Достаточно вспомнить, что во времена пророков у евреев было семь пророчиц, имена которых записаны в Танах: Сарра, Мирьям, Дебора, Ханна, Абигайль, Хульда и Эстер. И лично Аврааму, праотцу нашему, сказал Господь: «Во всем, что скажет тебе Сарра, слушайся голоса ее» (Бытие, 21:12). И Ревекке, а не Исааку обязаны мы своим первородством, ибо это она, с чисто женской решимостью, без тени сомнения в своей правоте, взялась обмануть своего слепого мужа Исаака и присвоить первородство, которое по праву рождения принадлежало косматому Исаву, младшенькому, любимцу своему, Иакову, позднее получившему от Бога великое свое имя: Израиль.
Вот в обстановке такого женского домостроя росла Верочка Инбер, девочка со вздернутым носиком, миниатюрная, хрупкая, с рыжими волосами, поклонники впоследствии предпочитали называть ее златокудрой, капризная, немножечко взбалмошная и обожавшая своего истинно еврейского папочку, о котором до конца своей жизни говорила не иначе как «мой замечательный папа».

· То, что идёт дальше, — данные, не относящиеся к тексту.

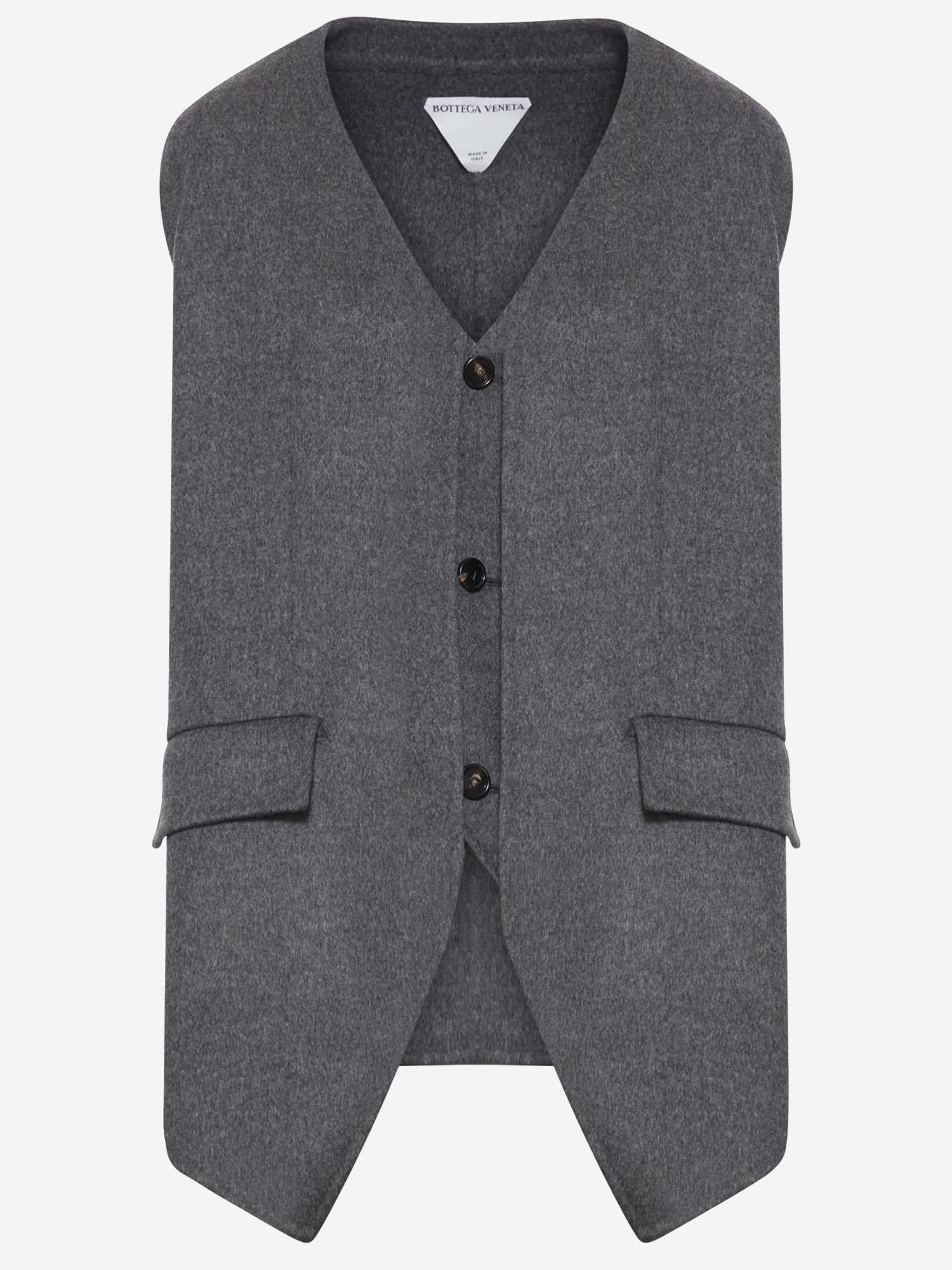 GILET MULTISTRATO IN LANA 835294 V4CB01307 BOTTEGA VENETA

Поразительный феномен: типично ассимилированная девочка, она на долгие годы сохранила пристрастие к еврейским словечкам, переданным ей местечковым папой, и свою таксу, заядлая собачница, она нарекла еврейским именем: Беня Крик. Во времена Бабеля и Багрицкого у нее был Беня Крик первый, четверть века спустя — Беня Крик четвертый.
К пятнадцатилетию Октября, в 1932 году, она сочинила стихотворение «Вполголоса», где говорила про себя: «Я писала лирически-нежным пером, я дышала спокойно и ровненько…» На самом же деле хотелось ей совсем другого: хотелось быть как все. Не все, которые были вокруг, в реальной жизни, а «как все», согласно нормативам и предписаниям революции:
История шла по стране напрямик,
Был полон значения каждый миг,
Такое не повторится.
А я узнала об этом из книг
Или со слов очевидцев.
А я утопала во дни Октября
В словесном шитье и кройке.
Ну что же! Ошибка не только моя,
Но моей социальной прослойки.
Ну, насчет социальной прослойки это была, так сказать, полуправда. А полная правда состояла в том, что и из ее социальной прослойки шли евреи в революцию. Правда, преимущественно шли в ту часть революции, которая представлена была меньшевиками да эсерами, о чем историки и по ту, и по эту сторону красного кордона пока что лепечут, по большей части, нечто невнятное.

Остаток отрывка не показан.